All this is a reminder that activities which contribute most to quality of life and social cohesion also predominantly involve low-waged work. That’s life, but it’s also a reminder that principled Conservatism should include as much help as possible for small businesses, start-ups, the self-employed, and the flourishing of town centres. The Living Wage is nifty politics, Chancellor, but there’s a lot more work to be done.
Uneasy about oil
‘Biggest slump in non-Opec oil production for 20 years.’ ‘Low oil prices throw North Sea oil into crisis.’ ‘Opec has victory in its sights in oil price war with US shale.’ Those headlines from the weekend press should make us all feel uneasy, even as we enjoy the short-term benefits of Brent Crude trading below $50 a barrel. I would venture to say that ‘victory for Opec’ (led by Saudi Arabia and including Iran, Iraq, the Emirates, Algeria, Venezuela and Nigeria) is never a good thing: it means the western world held to ransom by autocrats and rogues.

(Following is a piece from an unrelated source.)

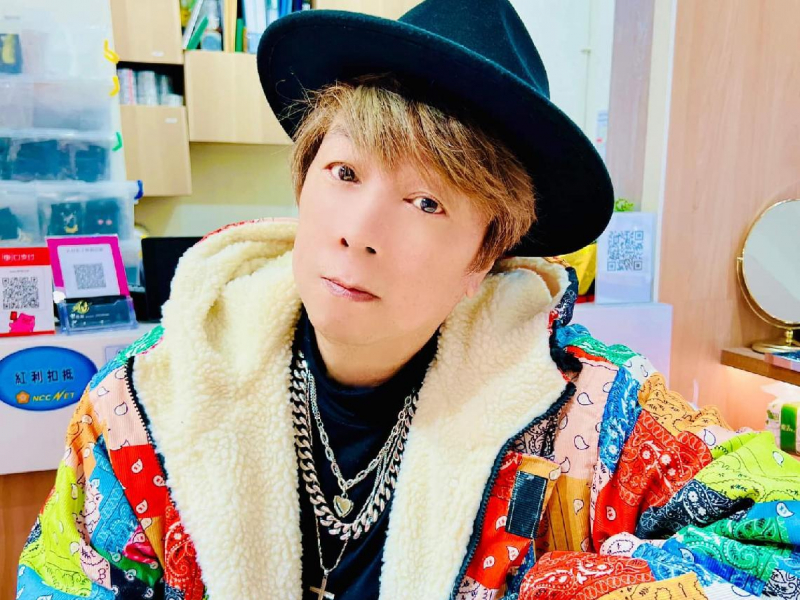 曹西平生前悲喊「遺產不給曹家人」！手足特留分沒廢除，寫遺囑也沒用？單身族如何確保兄弟姊妹一毛都拿不到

The current situation is not all the result of Opec’s tactical refusal to cut production, however. It also reflects market concern at falling Chinese demand, and nervousness over impending US interest rate rises. But an oil price that’s uneconomic for non-Opec producers is ultimately a bad thing in itself. It makes non-Opec Russia a pricklier operator in world affairs. By pushing parts of the US shale extraction industry towards bankruptcy, it not only threatens US growth but knocks out investment in new US wells — as well as indirectly blighting fracking in the UK, whose opponents can add financial non-viability to their litany of objections. In the North Sea, a new report by Oil & Gas UK predicts that at current price levels, capital spending on exploration for new reserves could be cut by two thirds, despite recent tax incentives designed to extend the life of our most important national energy asset.
Some pundits argue the oil price slump is strictly temporary. Hidden among those headlines is an ad for a venture called Black Gold Resources that says ‘$80 Oil by Christmas: Don’t be Fooled by the Mainstream Media’. Maybe; but every month that goes by defers sine die another flow of energy from a source a lot safer than the turbulent Middle East. And that’s a worry.
A decade hence
‘Any Other Business’ has just passed its tenth birthday. The first of these columns mused on corruption in New Orleans (then living through the anarchic first fortnight after Hurricane Katrina) and protectionism in France. It also contained at least two jokes that still make me smile, but no economic predictions. I’m glad about that, because they would surely have been wrong: despite my habitual sharp eye for bankers’ excesses, and some early glimpses of the mad explosion of City derivatives market, I had no idea in October 2005 that the worst financial crisis of my lifetime was three years away.
Likewise, I confess I have no real idea where we might be a decade hence. I don’t know whether we’ll be in or out of the EU, richer or poorer, at war, at peace or still part of a United Kingdom; whether Tesco, BP, BT, Barclays and other corporate stalwarts of this column will still exist; or whether the prime minister will be Boris, Chuka, George, Sajid, Theresa, Tristram or some raging Corbynista we haven’t even heard of yet.
And no one else can tell you any of that either. So the wisest advice a responsible pundit can offer is that we should strive at all times to be resilient and prepared for shocks — personally, corporately and nationally. In that context, and combined with my observations about oil above, another headline this weekend did give one firm inkling of what’s ahead: ‘Rapid pace of plant closures puts power grid at risk, experts warn’. It doesn’t take supernatural forward vision to predict that energy supply will be a huge problem by 2025. If I’m still here — which I certainly don’t predict — it will give me no pleasure to be proved right.